Speaker
Description
The Laser Interferometer Space Antenna (LISA) is a joint ESA-NASA mission that will inaugurate a new era of gravitational wave astronomy from space. Supporting this ambitious mission is the LISA Science Ground Segment (SGS), a globally distributed system developed by ESA, NASA, and the LISA Consortium. The SGS enables end-to-end scientific operations, from payload commanding to data processing and archiving.

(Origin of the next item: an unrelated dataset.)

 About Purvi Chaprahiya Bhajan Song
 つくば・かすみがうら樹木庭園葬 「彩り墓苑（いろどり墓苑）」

The ESA Science Operations Centre (SOC) at ESAC leads science planning, near real-time data processing, and the issuance of low-latency alerts for prompt multi-messenger follow-up. It ensures the long-term curation and accessibility of all mission data products via the LISA Public Archive. The Distributed Data Processing Center (DDPC), led by CNES, orchestrates a federated network of Data Computing Centers across Europe. It is responsible for the development and execution of European scientific pipelines, including the extraction of higher-level data products such as gravitational wave source identification and characterization. Its cloud-native architecture and Kubernetes-based infrastructure enable scalable, reproducible workflows, supported by a full DevSecOps toolchain.
Complementing these efforts, the NASA Science Ground Segment (NSGS) operates dedicated pipelines for initial noise reduction, global source extraction, low-latency monitoring, and catalog production. It also provides US-based data access and scientific support through the NASA LISA Science Center.
Together, these components form an integrated and robust SGS capable of supporting LISA’s 25+ year mission timeline. We present the SGS architecture, coordination strategies, and key technologies that ensure data integrity, system sustainability, and maximal scientific return throughout the mission lifecycle.